There is one important complication when developing procedures modifying the database. Every call to `DB::malloc` may potentially have to enlarge the mapped area
which sometimes leads to changing `current_base`. That would not have been a problem if GCC was not sometimes caching variables in registers. Look at the following code:
```C++
p->r = foo();
```
Here `p` is a reference which is used to access another reference `r`. On the other hand, `foo()` is a procedure which directly or indirectly calls `DB::malloc`.
GCC compiles assignments by first computing the address to modify, and then it evaluates the right hand side. This means that while `foo()` is being evaluated the address computed on the left-hand side is saved in a register or somewhere in the stack. But now, if it happens that the allocation in `foo()` has changed
`current_base`, then the saved address is no longer valid.

That first problem is solved by overloading the assignment operator for `ref<A>`:
```C++
ref<A>& operator= (const ref<A>& r) {
    offset = r.offset;
    return *this;
}
```
On first sight, nothing special happens here and it looks like the overloading is redundant. However, now the assignments are compiled in a very different way.
The overloaded operator is inlined, so there is no real method call and we don't get any overhead. The real difference is that now, whatever is on the left-hand side of the assignment becomes the value of the `this` pointer, and `this` is always the last thing to be evaluated in a method call. This solves the problem.
`foo()` is evaluated first and if it changes `current_base`, the change will be taken into account when computing the left-hand side of the assignment.

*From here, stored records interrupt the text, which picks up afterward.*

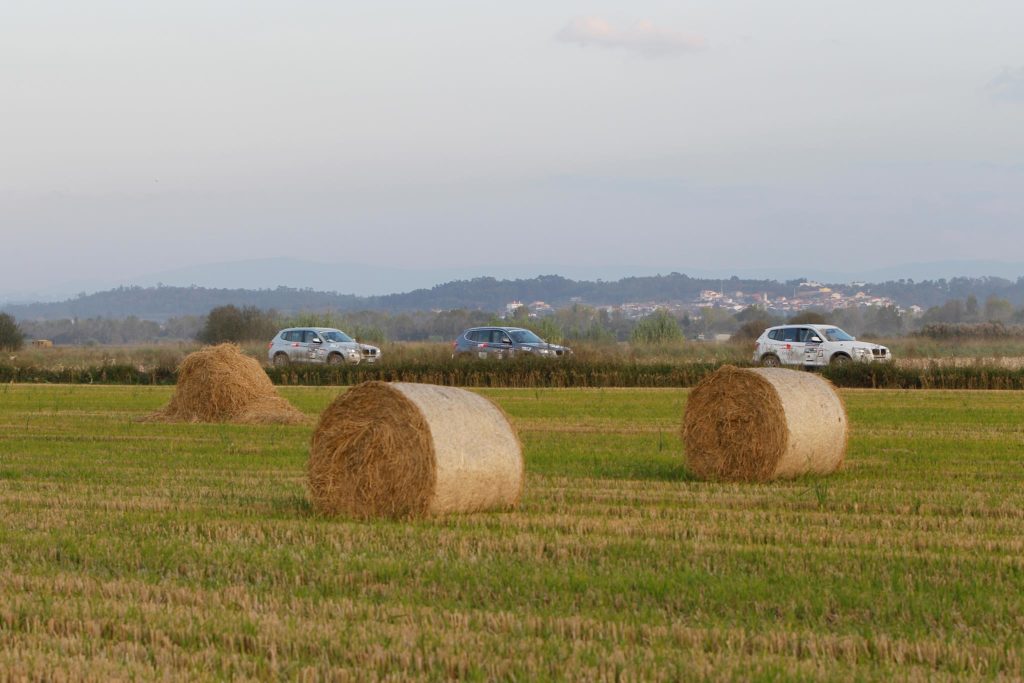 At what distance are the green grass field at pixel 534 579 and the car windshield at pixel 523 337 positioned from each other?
93.7 ft

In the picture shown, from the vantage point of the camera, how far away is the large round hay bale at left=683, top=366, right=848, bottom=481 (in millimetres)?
15883

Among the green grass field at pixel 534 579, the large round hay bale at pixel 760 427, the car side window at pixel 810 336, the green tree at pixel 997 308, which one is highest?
the green tree at pixel 997 308

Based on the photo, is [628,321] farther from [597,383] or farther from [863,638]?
[863,638]

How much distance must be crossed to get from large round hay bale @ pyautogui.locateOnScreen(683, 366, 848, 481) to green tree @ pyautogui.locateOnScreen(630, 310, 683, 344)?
46731 millimetres

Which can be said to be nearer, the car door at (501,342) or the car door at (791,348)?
the car door at (791,348)

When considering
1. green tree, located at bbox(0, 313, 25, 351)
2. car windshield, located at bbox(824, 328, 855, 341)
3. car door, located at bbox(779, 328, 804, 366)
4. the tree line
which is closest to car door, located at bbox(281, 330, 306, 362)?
the tree line

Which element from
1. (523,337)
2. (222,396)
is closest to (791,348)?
(523,337)

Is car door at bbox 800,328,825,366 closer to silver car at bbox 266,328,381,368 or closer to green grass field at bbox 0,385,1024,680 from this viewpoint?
silver car at bbox 266,328,381,368

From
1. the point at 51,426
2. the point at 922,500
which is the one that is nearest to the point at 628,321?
the point at 51,426

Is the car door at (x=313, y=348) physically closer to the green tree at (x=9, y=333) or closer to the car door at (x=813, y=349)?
the car door at (x=813, y=349)

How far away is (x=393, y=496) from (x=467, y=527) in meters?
1.01

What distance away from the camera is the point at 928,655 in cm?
726

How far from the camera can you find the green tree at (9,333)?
77.4m

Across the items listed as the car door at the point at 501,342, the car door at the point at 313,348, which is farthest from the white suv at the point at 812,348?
the car door at the point at 313,348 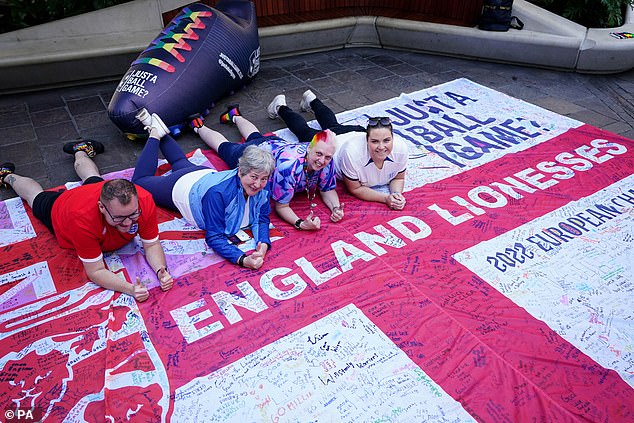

Unfortunately, this is not the only problem. A similar thing happens when the arguments of a function are calls to other functions. See this:
```C++
foo(p->r,bar(),q->r)
```
Where now `bar()` is the function that performs allocation. The compiler is free to keep in a register the value of `current_base` that it needs for the evaluation of
`p->r`, while it evaluates `bar()`. But if `current_base` has changed, then the saved value would be invalid while computing `q->r`. There doesn't seem to be
a work around for this. The only solution is to:

**Never call a function that allocates as an argument to another function**

Instead we call allocating functions on a separate line and we save the result in a temporary variable.


# Thread-local variables

A final remark is the compilation of thread-local variables. When a thread-local variable is compiled in a position-dependent code, i.e. in executables, it is
compiled efficiently by using the `fs` register which points to the thread-local segment. Unfortunately, that is not the case by default for shared
libraries like our runtime. In that case, GCC applies the global-dynamic model which means that access to a thread local variable is internally implemented
with a call to the function `__tls_get_addr`. Since `current_base` is used all the time, this adds overhead.

The solution is to define the variable with the attribute `__attribute__((tls_model("initial-exec")))` which says that it should be treated as if it is defined
in an executable. This removes the overhead, but adds the limitation that the runtime should not be loaded with `dlopen`.